While cost may be a consideration, agencies should not conclude
without investigation that it would be prohibitively expensive to
place their electronic information dissemination products in the
depository libraries. For electronic information dissemination
products other than online services, agencies may have the option
of having GPO produce the information dissemination product for
them, in which case GPO would pay for depository library costs.
Agencies should consider this option if it would be a cost
effective alternative to the agency making its own arrangements
for production of the information dissemination product. Using
GPO's services in this manner is voluntary and at the agency's
discretion. Agencies could also consider negotiating other terms,
such as inviting GPO to participate in agency procurement orders
in order to distribute the necessary copies for the depository
libraries. With adequate advance planning, agencies should be
able to provide electronic information dissemination products to
the depository libraries at nominal cost.
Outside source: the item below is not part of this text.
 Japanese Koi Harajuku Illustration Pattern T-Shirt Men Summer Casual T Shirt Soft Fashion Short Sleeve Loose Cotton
In a particular case, substantial cost may be a legitimate reason
for not providing an electronic information dissemination product
to the depository library program. For example, for an agency
with a substantial number of existing titles of electronic
information dissemination products, furnishing copies of each to
the depository libraries could be prohibitively expensive. In
that situation, the agency should endeavor to make available
those titles with the greatest general interest, value, and
utility to the public. Substantial cost could also be an
impediment in the case of some online information services where
the costs associated with operating centralized databases would
make provision of unlimited direct access to numerous users
prohibitively expensive. In both cases, agencies should consult
with the GPO, in order to identify those information
dissemination products with the greatest public interest and
utility for dissemination. In all cases, however, where an agency
discontinues publication of an information dissemination product
in paper format in favor of electronic formats, the agency should
work with the GPO to ensure availability of the information
dissemination product to depository libraries.
Notice to the Public
Sections 8a(6)(i) and (j) present new practices for agencies to
observe in communicating with the public about information
dissemination. Among agencies' responsibilities for dissemination
is an active knowledge of, and regular consultation with, the
users of their information dissemination products. A primary
reason for communication with users is to gain their contribution
to improving the quality and relevance of government
information_how it is created, collected, and disseminated.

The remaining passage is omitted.